Lower Trapezius Muscle Transfer For Elbow Extension Reconstruction After Failed Nerve Transfer for Tetraplegia Volume 11 - Issue 4

Jayme Bertelli* and Sushil Nehete

  • Department of Neurosurgery, Brazil

Received: November 21, 2018;   Published: December 04, 2018

*Corresponding author: Jayme Bertelli, Hospital Celso Ramos, Department of Neurosurgery, Brazil

DOI: 10.26717/BJSTR.2018.11.002139

Abstract PDF


Reconstruction of elbow extension is a first priority in the management of tetraplegia patients. Traditionally, posterior deltoid and biceps to triceps muscle transfers were used; but, in recent years, nerve transfers have become the preferred choice of a few surgeons. Nerve transfer reconstruction failures exist, however, often related to poor donor nerves, prolonged intervals between the injury and surgery and advanced patient age. As a valid surgical alternative in such cases, we propose transferring the lower trapezius muscle to reconstruct elbow extension, since this procedure already is being performed successfully in brachial plexus injury patients.

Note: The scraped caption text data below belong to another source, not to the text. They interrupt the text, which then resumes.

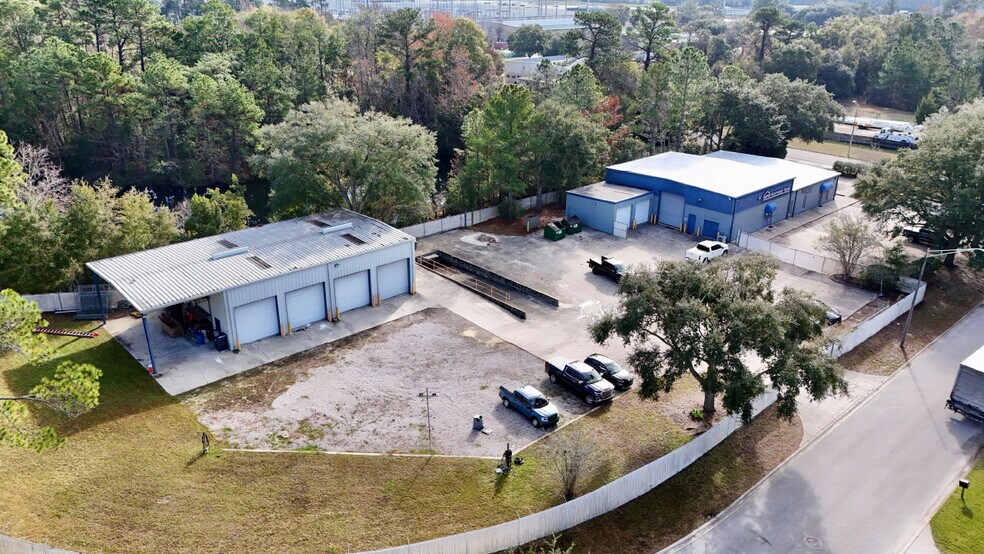 Primary Photo Of 7091 Davis Creek Rd, Jacksonville Warehouse For Lease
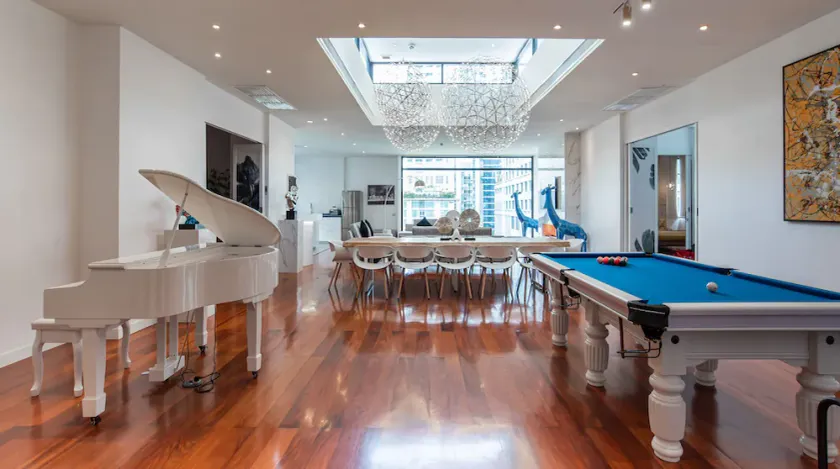 Benviar Tonson Residence - Image 1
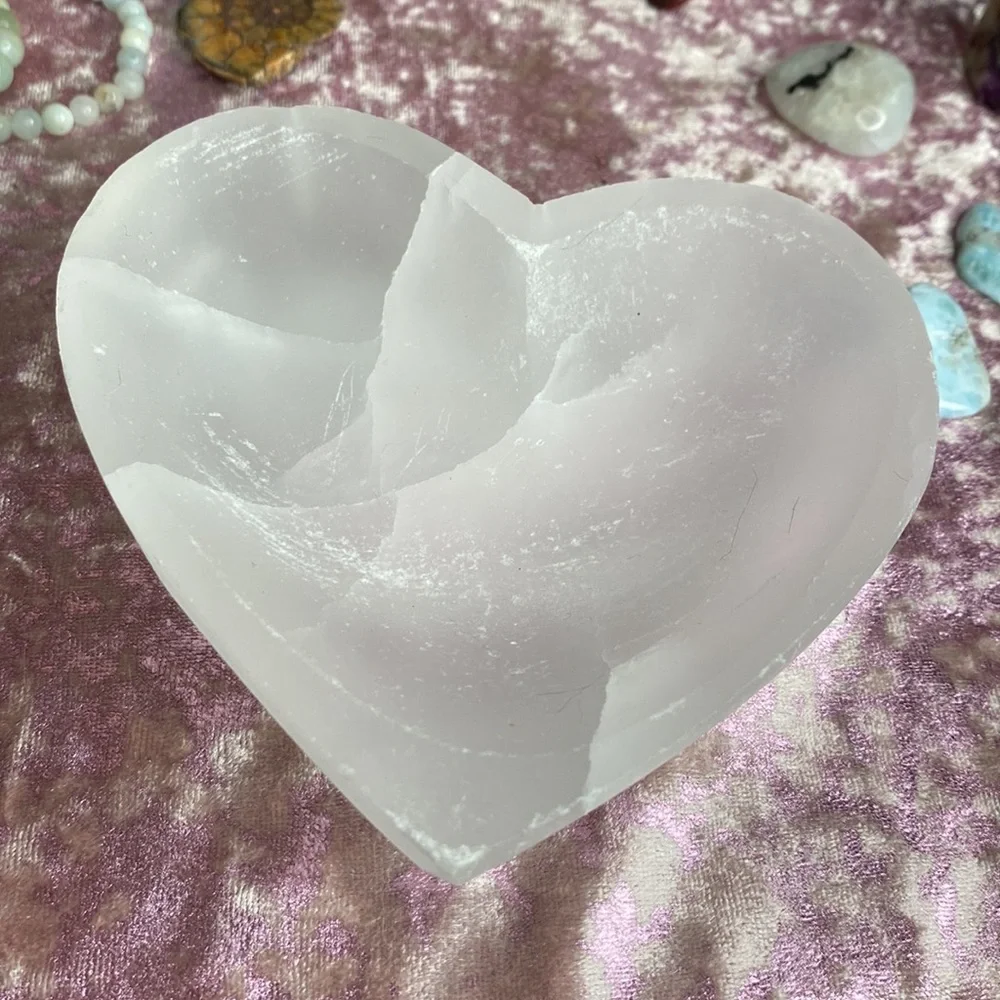 🤍 Selenite heart bowl 🤍 - Picture 3 of 7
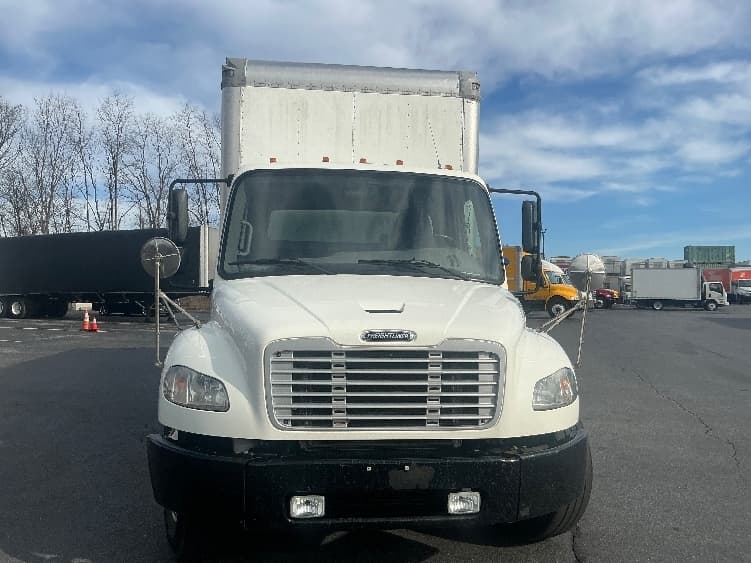 2019 Freightliner M2 106 in Harrisburg, PA — photo 2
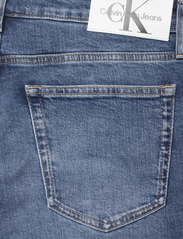 Calvin Klein Jeans - REGULAR TAPER - tapered jeans - denim medium - 4
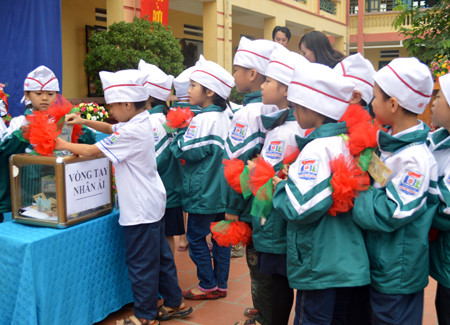 Có nên quyên góp tiền cứu trợ đối với học sinh, sinh viên? (Ảnh chỉ mang tính chất minh họa, nguồn: Baoyenbai.com.vn) Có nên quyên góp tiền cứu trợ đối với học sinh, sinh viên? (Ảnh chỉ mang tính chất minh họa, nguồn: Baoyenbai.com.vn)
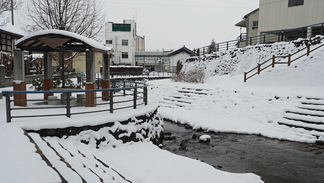 大堰川プロムナードにある東屋と、水辺の遊び場の写真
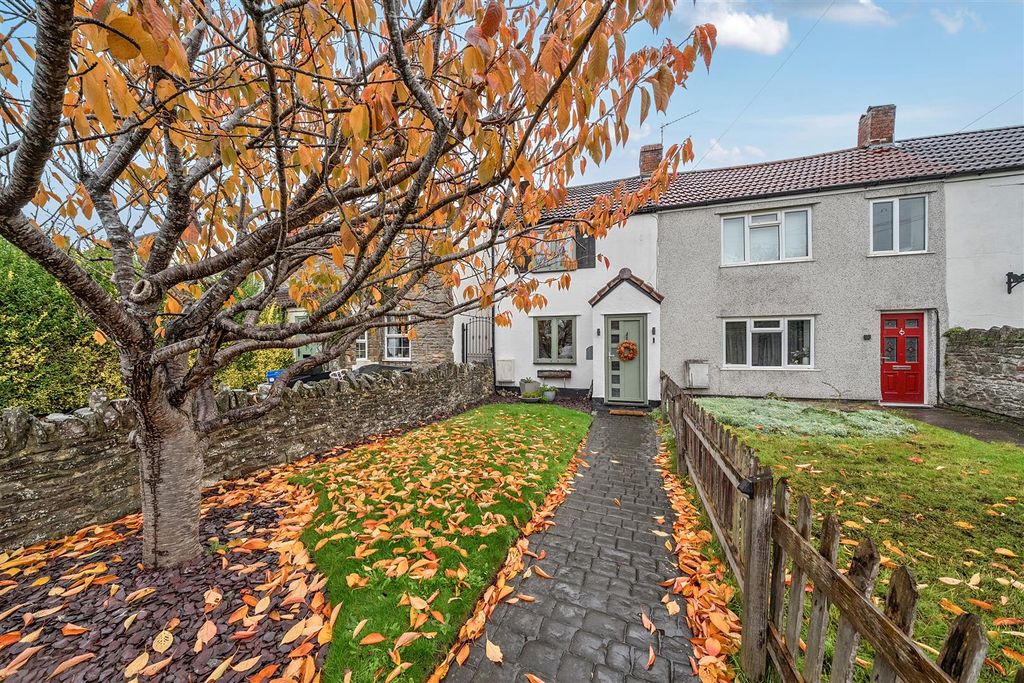 Property photo 1 of 19 Front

We now report two patients in whom a lower trapezius transfer was employed as a successful salvage procedure after failed nerve-transfer surgery

Keywords: Brachial Plexus; Tetraplegia; Nerve Transfer; Trapezio Muscle; Elbow Extension


For the last several years, it has been emphasized that restoring upper limb function takes precedence over any other objective during the rehabilitation of traumatic tetraplegia patients [1] According to an IFSSH (International Federation of Societies for Surgery of the Hand) scientific committee update [2] on hand surgery in tetraplegic patients, one of the main goals of reconstruction is elbow extension [2] Traditionally, elbow extension has been reconstructed by transferring the posterior deltoid [3] or biceps muscle [4]. Recently, transferring the posterior division of the axillary nerve or the motor branch to the brachialis to triceps branches has demonstrated consistent recovery of M4 elbow extension strength; thereby supplanting muscle transfers [5]. Failed nerve transfer reconstructions exist, however, often related to poor donor nerves, a prolonged interval between the injury and surgery, and more advanced patient age. In this situation, salvage surgery is complicated. On one hand, if surgeons have used the posterior division of the axillary nerve as the donor, the posterior deltoid muscle is unavailable for transfer. The biceps muscle would still be available.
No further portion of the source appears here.